■ **BRIEF**
First find the line with "90L Chest, Upright, Freestanding" in the entries below, then set down exactly every line through the line with "Diaper Bag Backpack, Insulated", that line included.

■ **DATA FOR PROCESSING**
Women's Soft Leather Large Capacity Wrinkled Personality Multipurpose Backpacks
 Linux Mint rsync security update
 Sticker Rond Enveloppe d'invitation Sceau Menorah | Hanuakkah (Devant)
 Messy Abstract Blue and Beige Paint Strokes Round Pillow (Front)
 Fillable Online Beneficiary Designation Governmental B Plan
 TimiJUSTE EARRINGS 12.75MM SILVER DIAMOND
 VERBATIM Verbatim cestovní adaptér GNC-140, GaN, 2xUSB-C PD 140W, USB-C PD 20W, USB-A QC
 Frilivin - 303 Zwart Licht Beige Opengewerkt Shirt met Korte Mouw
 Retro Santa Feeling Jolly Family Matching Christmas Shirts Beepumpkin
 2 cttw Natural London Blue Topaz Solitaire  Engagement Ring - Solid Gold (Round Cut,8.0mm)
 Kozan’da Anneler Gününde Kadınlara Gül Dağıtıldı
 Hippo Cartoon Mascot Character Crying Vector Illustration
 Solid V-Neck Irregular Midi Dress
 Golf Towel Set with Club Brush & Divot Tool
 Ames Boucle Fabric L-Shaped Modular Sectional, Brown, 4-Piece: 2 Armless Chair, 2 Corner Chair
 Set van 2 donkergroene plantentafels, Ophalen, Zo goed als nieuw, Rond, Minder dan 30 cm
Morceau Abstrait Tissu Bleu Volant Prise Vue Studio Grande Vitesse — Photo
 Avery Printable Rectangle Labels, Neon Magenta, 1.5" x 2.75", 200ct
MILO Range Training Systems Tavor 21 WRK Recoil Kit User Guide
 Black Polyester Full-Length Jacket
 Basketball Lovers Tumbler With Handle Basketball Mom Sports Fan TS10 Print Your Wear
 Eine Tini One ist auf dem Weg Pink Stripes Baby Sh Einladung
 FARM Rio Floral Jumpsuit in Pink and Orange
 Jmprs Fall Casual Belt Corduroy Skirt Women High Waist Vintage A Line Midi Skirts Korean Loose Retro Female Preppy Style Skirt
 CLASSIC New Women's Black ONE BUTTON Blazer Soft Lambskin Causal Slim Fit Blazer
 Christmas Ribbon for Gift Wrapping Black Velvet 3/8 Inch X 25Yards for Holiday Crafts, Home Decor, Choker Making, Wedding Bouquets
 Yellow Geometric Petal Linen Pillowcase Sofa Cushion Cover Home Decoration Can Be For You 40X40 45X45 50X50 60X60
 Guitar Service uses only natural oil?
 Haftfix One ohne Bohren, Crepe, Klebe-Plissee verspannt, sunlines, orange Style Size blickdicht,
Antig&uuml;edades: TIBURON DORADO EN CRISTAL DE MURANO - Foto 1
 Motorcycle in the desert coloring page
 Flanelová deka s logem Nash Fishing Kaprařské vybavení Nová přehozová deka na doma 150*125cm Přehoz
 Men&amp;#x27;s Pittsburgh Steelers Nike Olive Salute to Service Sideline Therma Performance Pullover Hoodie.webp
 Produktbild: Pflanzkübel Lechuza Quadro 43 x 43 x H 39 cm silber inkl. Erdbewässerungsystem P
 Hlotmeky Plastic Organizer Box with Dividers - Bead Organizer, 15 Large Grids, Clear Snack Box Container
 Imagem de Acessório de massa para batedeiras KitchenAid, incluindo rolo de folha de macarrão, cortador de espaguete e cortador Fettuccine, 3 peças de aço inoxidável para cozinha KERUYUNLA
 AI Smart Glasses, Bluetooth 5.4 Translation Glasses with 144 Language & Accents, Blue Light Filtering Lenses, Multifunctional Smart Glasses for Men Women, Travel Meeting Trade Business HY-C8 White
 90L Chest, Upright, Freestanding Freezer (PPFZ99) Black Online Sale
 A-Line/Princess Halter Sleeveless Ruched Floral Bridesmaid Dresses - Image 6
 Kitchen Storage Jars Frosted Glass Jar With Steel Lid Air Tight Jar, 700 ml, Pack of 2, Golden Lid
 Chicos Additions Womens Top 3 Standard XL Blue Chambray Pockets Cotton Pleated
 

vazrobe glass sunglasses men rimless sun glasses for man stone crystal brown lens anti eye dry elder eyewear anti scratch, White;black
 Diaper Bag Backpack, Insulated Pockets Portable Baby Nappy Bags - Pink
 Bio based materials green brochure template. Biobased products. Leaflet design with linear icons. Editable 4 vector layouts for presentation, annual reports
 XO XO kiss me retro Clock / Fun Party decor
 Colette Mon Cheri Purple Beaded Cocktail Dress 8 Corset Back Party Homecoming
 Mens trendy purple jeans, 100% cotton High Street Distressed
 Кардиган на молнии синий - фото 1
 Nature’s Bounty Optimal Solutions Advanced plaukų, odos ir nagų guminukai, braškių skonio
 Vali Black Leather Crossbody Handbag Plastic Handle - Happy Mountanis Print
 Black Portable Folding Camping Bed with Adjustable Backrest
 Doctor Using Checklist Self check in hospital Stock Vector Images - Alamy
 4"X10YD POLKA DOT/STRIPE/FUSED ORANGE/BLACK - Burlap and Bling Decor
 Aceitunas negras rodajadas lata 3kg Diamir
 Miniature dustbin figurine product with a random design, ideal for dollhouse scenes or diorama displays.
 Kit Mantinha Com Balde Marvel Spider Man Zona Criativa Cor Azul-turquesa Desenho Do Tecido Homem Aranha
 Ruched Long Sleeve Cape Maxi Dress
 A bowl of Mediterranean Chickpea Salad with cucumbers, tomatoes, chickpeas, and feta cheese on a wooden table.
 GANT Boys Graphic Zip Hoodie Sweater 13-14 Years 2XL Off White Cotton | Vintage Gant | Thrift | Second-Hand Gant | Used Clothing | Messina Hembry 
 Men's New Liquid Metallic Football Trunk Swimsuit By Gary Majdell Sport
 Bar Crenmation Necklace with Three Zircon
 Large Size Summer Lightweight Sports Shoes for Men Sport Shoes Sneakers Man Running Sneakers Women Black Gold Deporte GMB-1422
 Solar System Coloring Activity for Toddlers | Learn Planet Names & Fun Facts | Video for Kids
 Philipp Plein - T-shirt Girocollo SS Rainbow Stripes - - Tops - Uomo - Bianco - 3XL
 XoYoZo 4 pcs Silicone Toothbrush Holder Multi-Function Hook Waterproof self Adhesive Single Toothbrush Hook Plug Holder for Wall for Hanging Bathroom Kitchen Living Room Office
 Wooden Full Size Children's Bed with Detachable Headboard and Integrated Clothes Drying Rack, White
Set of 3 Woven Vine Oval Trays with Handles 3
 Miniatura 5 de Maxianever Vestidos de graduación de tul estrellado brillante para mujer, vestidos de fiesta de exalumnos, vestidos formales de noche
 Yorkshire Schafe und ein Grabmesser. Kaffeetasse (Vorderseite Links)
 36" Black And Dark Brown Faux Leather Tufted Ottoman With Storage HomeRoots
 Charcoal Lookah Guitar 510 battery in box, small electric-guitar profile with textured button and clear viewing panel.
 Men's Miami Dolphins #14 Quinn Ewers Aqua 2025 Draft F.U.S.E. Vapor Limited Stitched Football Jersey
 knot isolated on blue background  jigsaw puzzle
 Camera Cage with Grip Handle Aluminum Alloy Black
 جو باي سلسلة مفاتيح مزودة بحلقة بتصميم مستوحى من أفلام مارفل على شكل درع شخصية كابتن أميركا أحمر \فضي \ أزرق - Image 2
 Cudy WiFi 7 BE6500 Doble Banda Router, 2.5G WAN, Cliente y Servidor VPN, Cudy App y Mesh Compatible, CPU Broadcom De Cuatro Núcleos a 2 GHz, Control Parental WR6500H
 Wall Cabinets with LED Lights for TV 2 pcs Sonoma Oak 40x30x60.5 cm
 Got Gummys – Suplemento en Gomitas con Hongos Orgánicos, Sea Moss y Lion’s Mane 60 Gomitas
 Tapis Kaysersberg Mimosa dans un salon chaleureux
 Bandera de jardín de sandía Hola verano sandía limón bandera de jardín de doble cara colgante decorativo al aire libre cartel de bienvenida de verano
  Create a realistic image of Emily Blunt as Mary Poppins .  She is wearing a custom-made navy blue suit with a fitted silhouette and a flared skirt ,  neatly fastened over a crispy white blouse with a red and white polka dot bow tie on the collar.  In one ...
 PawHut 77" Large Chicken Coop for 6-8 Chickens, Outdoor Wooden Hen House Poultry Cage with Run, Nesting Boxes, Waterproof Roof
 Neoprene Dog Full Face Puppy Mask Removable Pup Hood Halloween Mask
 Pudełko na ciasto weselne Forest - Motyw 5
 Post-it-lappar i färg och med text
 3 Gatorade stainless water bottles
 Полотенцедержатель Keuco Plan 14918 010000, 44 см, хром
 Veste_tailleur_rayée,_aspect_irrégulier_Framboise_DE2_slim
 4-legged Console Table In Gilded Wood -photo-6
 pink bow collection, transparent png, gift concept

■ **EXERCISE RESULT**
 90L Chest, Upright, Freestanding Freezer (PPFZ99) Black Online Sale
 A-Line/Princess Halter Sleeveless Ruched Floral Bridesmaid Dresses - Image 6
 Kitchen Storage Jars Frosted Glass Jar With Steel Lid Air Tight Jar, 700 ml, Pack of 2, Golden Lid
 Chicos Additions Womens Top 3 Standard XL Blue Chambray Pockets Cotton Pleated
 

vazrobe glass sunglasses men rimless sun glasses for man stone crystal brown lens anti eye dry elder eyewear anti scratch, White;black
 Diaper Bag Backpack, Insulated Pockets Portable Baby Nappy Bags - Pink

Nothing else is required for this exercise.